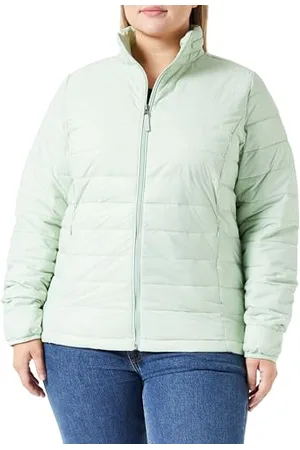 Amazon Damen Leichte, Wasserabweisende, packbare Pufferjacke (in Übergröße erhältlich), , L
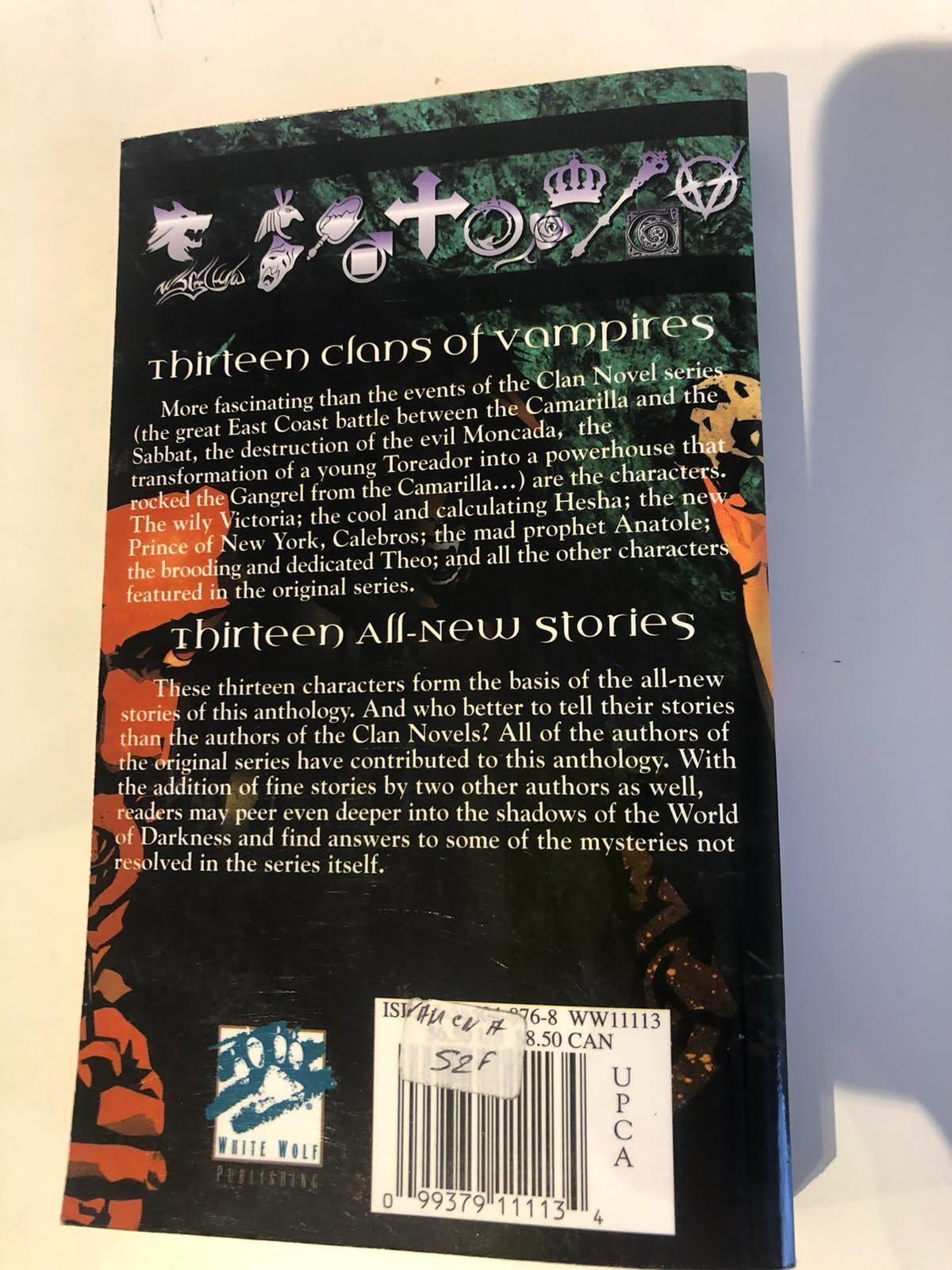 Vampire the Masquerade - Clan Novel: Anthology - WW11113 - EX — image 1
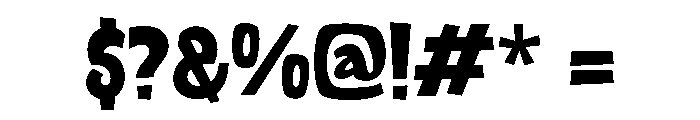 Snack Block Regular Font OTHER CHARS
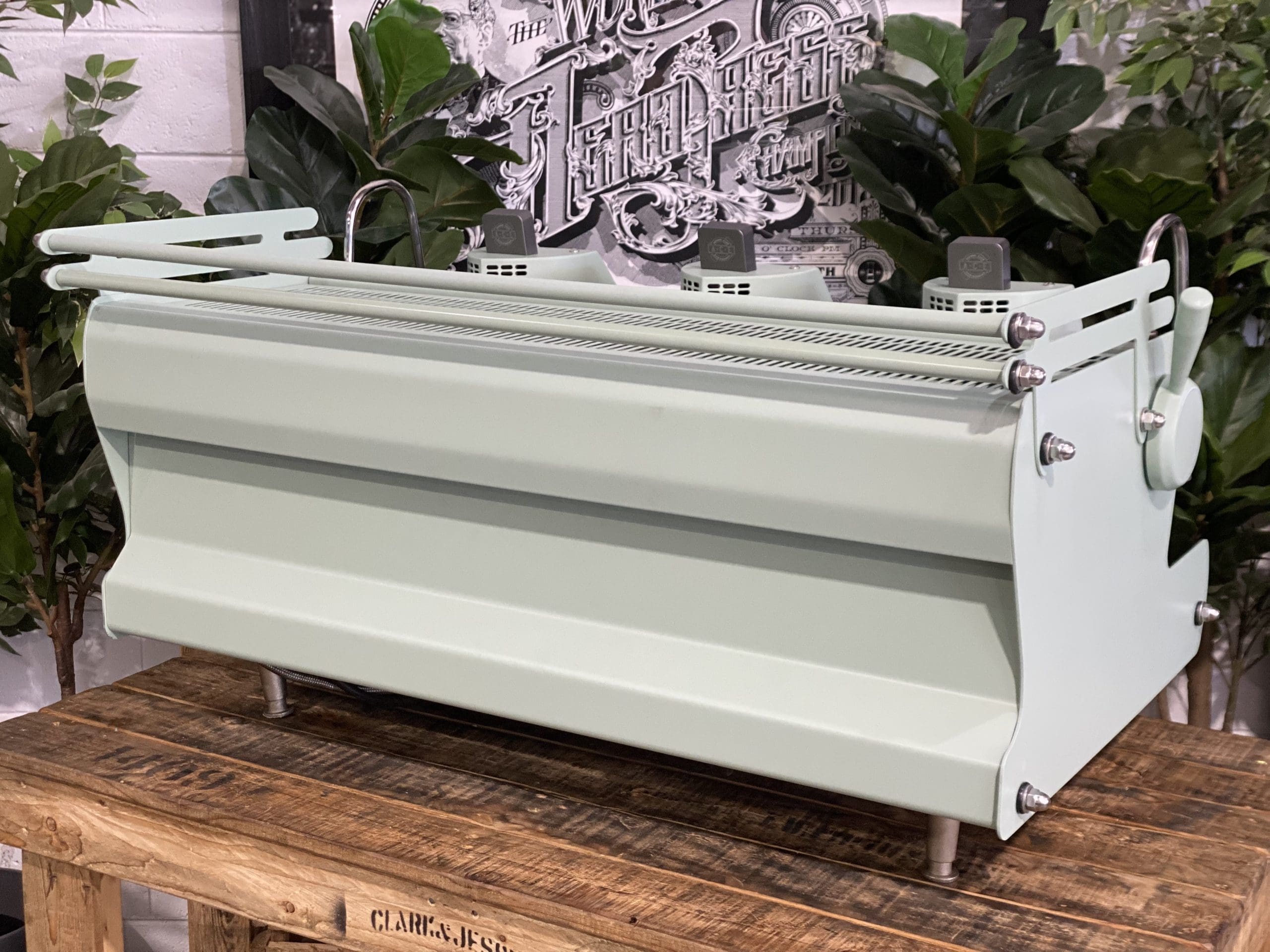 Synesso Sabre 3 Group W Shot Timers Sage Green Espresso Coffee Machine - 34019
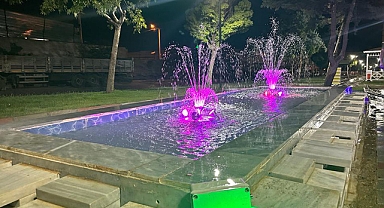 Eyyübiye parklarında görsel şölen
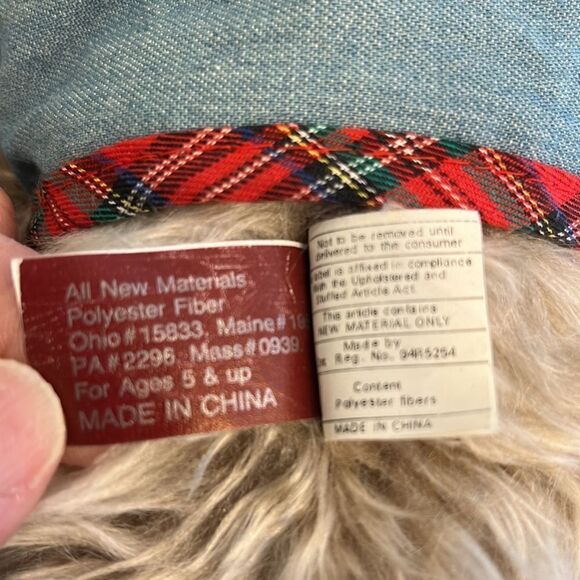 Pickford Brass Teddy Bear Stuffed animals, stuffed animals toy - Picture 8 of 9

◆ **Exercise prompt**
If a picture falls within the lines from the one containing "Snack Block Regular Font OTHER CHARS" through the end of the material, leave it out while repeating those lines exactly.

◆ **Exercise solution**
 Snack Block Regular Font OTHER CHARS
 Synesso Sabre 3 Group W Shot Timers Sage Green Espresso Coffee Machine - 34019
 Eyyübiye parklarında görsel şölen
 Pickford Brass Teddy Bear Stuffed animals, stuffed animals toy - Picture 8 of 9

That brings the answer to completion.